Once you hit peak production in the garden, the important thing is to stay on top of the picking. Those late-flowering peas will need picking every other day once they hit their stride. Even bush beans will valiantly keep sending out flowers and setting fruit if you can keep up with picking. I usually get two or three weeks of good picking from my beans when I call it quits on the blanching and freezing assembly line and feed the plants to the chickens. Leaf lettuces can be picked continually until they bolt to flower in the summer heat. Even head lettuces will send up secondary leaves once the top is cut. If you planted a variety of lettuces as I advised in an earlier column, if you keep up you should be able to harvest greens throughout the summer until the fall kale is ready to eat.

Pinch off the growing tips of basil to encourage branching. Don’t harvest too heavily at first, but keeping those tips pinched back will discourage flowering and the resulting decline in leaf quality. My favourite way to preserve the summer’s bounty of basil is to chop it in the food processor with garlic and olive oil and store it in the freezer in small jars. Pour a little skim coat of olive oil on the top to prevent oxidation or browning. The resulting pesto will keep its bright, lively flavor well into the winter. Just add ground nuts and grated parmesan and add to pasta.

The flower garden is a good place for ideas to liven up summer salads. Be sure you can properly identify what you pick, of course, but there are many edible flowers easy to spot. Nasturtiums add a peppery tang and look lovely on potato salad. Violets add a dainty touch to greens as do elderflower blossoms. Day lily flowers and buds are both edible and many people take the large lovely male squash blossoms and stuff them with herbed rice.

Nasturtium flower (Photo by Claire Pearcy – CC BY-SA 4.0 via Wikimedia Commons)

 

One picking chore you really should not neglect is to pick the blossoms off the first year strawberries. This is the year they are just getting their roots settled and should not be expending precious energy in setting fruit. A little work (and self-restraint) now will ensure a more bountiful harvest next year.

If your apple trees look likely to bear heavily this year, you may want to thin the fruit. On a small scale it is easy enough to do by hand and encourages bigger and sweeter fruit. The tree will also bear more consistently from year to year, though it may not entirely cure some trees of a biennial habit. Start when the fruit is marble-sized or smaller. The goal is to thin the clusters to one fruit and the fruit to one every five or six inches. Obviously, start by removing all the fruit that looked misshapen or insect damaged first. You can even combine this with a light summer pruning to increase the light in the center of the tree and improve air circulation. You can take up to 50% of the new growth of a tree that is overenthusiastic. Summer pruning will not stimulate new growth the way that spring pruning does. And it will improve the hardening off of the growth that you do leave. Definitely take out the vertically growing watersprouts that will not bear fruit. You’d have to take them out next spring anyway.

I don’t have too many problems with birds, at least so far. I have enough other things planted that they can eat. But this is the first year I hope to get a decent cherry crop and I have netting at the ready if those crows and starlings so much as look sideways at them. They are welcome to the chokecherries but the sweet ones are mine!
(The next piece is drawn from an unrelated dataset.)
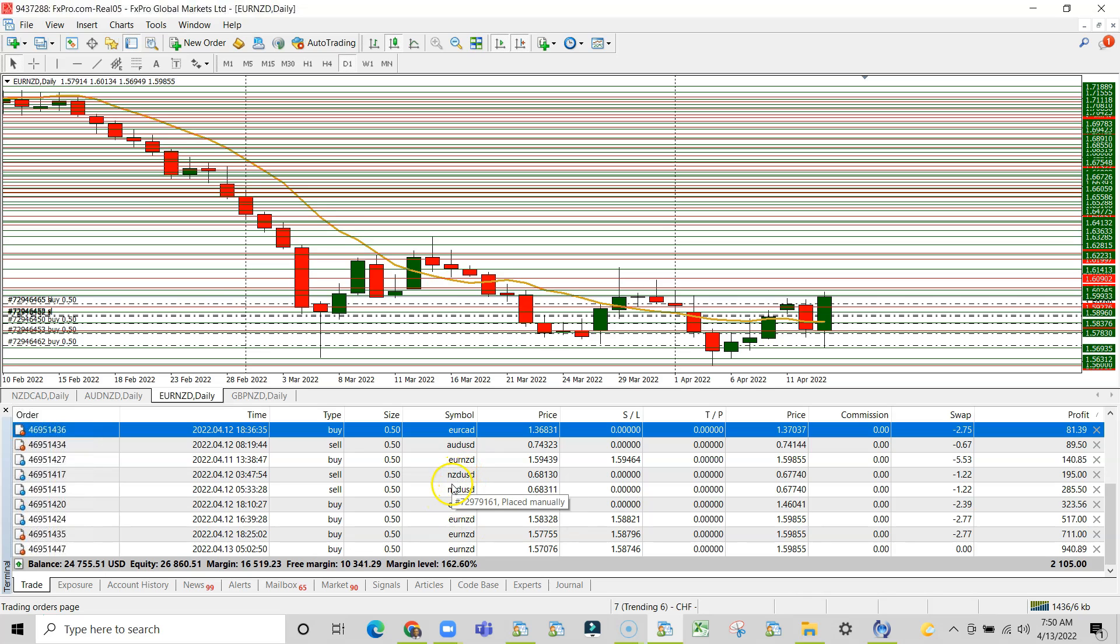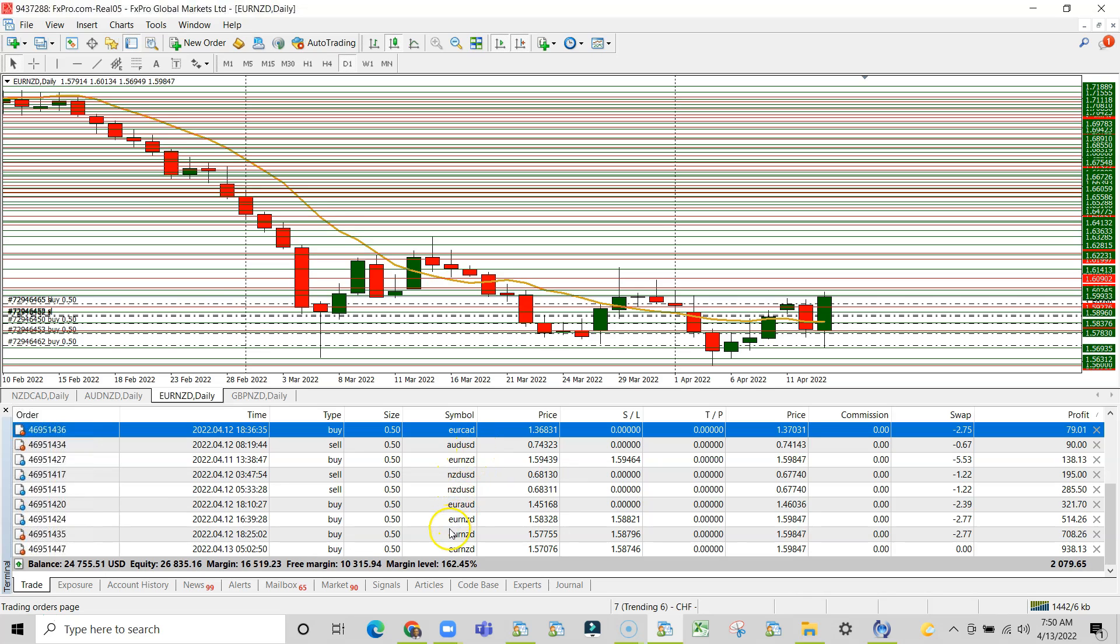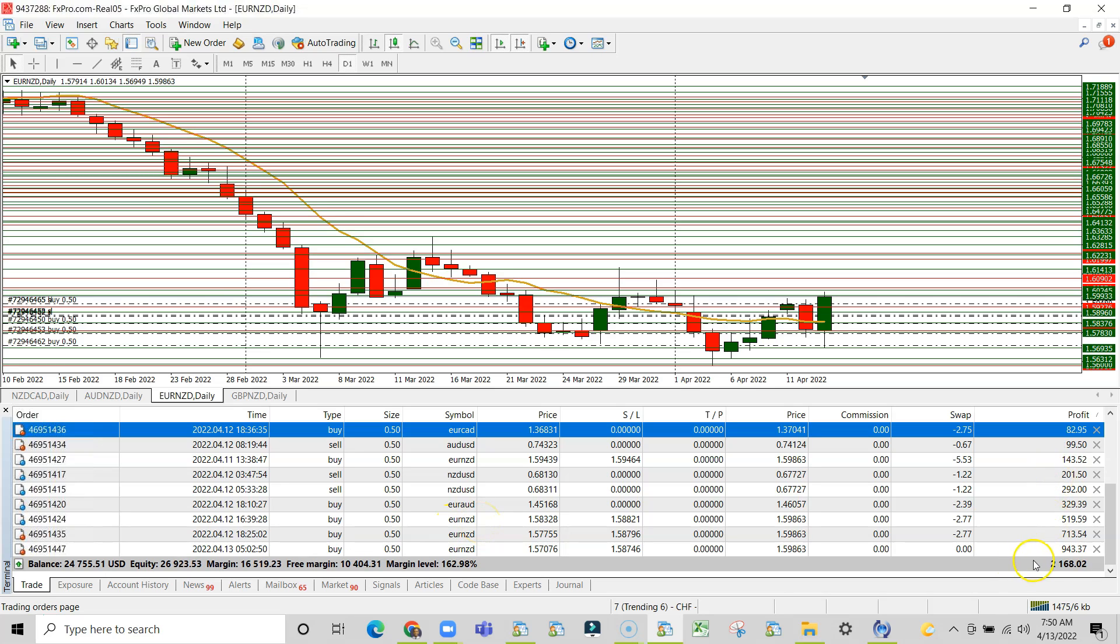You see that we took a couple of trades on the New Zealand versus the dollar, Aussie versus the dollar to sell. And we took this trade on the euro versus the New Zealand to buy. So we're getting about $2,167 on this account.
Market gardener, farmer, workshop leader, seed-saver, political candidate and mother, Michelle Smith has spent over 30 years coping with the challenges of our bioregion and in the process has built a store of practical and technical knowledge. The Inverness resident has served on the board of Seeds of Diversity Canada and represented Alternative Producers with the Federation of Agriculture but can do nothing about her hair. She is pictured with a head of Club Wheat, a seed that shares her approach to hairdressing.